In the study of Ueno and colleagues, stromal was classified into three types based on the desmoplastic reaction (DR) resulting from stromal fibroblasts. Prognostic role of stromal type has been established [37, 38]. Given the complexity of TME, the stromal types could be defined based on the stromal cell ratio, stromal cell density, ECM density, and other parameters. However, no evidence has shown which definition of stromal types is best. In the future, we would classify stromal type deeply based on stromal cellular components (macrophages, cancer associated fibroblasts, tumor-infiltrating lymphocytes, etc.) and non-cellular components (ECM, etc.). In addition, only two patients (0.4%) with T3 tumors were included in this study such bias of distribution in populations would influence the result. In the future, multiple-institution based validation should be performed to verify the proportion of T3 tumors.

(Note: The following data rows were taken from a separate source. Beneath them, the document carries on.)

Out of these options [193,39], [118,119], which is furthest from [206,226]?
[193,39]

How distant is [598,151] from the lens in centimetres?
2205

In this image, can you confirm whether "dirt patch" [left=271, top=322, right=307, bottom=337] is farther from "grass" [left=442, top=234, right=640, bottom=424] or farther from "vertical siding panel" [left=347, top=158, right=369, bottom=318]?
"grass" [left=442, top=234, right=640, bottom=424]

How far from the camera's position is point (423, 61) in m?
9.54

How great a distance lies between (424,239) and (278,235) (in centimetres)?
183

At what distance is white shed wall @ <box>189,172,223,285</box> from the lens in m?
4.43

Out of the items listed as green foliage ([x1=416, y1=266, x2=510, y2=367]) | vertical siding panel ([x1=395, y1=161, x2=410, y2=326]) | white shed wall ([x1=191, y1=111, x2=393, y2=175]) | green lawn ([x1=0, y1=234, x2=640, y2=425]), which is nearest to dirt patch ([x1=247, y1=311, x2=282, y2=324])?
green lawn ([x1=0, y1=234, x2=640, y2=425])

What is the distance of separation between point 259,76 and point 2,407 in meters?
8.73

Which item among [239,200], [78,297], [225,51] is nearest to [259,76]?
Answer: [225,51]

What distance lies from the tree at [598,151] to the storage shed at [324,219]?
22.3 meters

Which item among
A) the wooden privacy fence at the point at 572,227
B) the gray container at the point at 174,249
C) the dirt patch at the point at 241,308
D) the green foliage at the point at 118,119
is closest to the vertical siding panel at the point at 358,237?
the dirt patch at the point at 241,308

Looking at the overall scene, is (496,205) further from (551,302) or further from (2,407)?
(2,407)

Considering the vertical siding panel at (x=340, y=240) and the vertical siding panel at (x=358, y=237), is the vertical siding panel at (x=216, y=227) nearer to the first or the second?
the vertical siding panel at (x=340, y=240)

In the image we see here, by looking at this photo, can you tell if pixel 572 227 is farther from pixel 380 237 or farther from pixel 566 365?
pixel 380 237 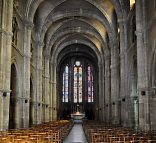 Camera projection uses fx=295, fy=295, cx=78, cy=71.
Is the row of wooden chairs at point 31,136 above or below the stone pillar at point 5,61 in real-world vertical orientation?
below

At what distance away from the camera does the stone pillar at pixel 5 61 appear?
81.7 feet

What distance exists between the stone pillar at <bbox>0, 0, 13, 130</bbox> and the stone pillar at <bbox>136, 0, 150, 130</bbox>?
1135 cm

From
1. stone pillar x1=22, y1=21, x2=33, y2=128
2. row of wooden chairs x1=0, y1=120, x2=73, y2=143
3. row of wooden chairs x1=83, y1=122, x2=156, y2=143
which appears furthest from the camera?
stone pillar x1=22, y1=21, x2=33, y2=128

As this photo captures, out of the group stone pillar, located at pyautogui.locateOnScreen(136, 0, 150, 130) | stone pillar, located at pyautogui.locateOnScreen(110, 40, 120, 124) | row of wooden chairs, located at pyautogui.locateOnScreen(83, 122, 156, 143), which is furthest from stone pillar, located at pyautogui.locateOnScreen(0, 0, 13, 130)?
stone pillar, located at pyautogui.locateOnScreen(110, 40, 120, 124)

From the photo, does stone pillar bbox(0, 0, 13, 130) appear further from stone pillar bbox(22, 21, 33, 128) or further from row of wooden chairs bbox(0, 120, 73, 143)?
stone pillar bbox(22, 21, 33, 128)

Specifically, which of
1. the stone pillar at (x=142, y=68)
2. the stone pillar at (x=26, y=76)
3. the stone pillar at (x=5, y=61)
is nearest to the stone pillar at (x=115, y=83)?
the stone pillar at (x=26, y=76)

In conclusion, TSR is a convenient and useful TME parameter for oncologists to obtain more prognostic information, and the concept of integrating the TME parameter into the TNM staging system is available. TSR has shown to be a prognostic parameter and is easy to determine, is reproducible, and quickly performed for all types of GC. Because of its low cost, availability, convenience, high reproducibility, and importance in prognosis, TSR is a candidate TME parameter that could easily be implemented in routine pathology diagnostics, and TSNM staging system has been established to optimize risk stratification for GC. The value of TSNM staging system should be validated in further perspective study.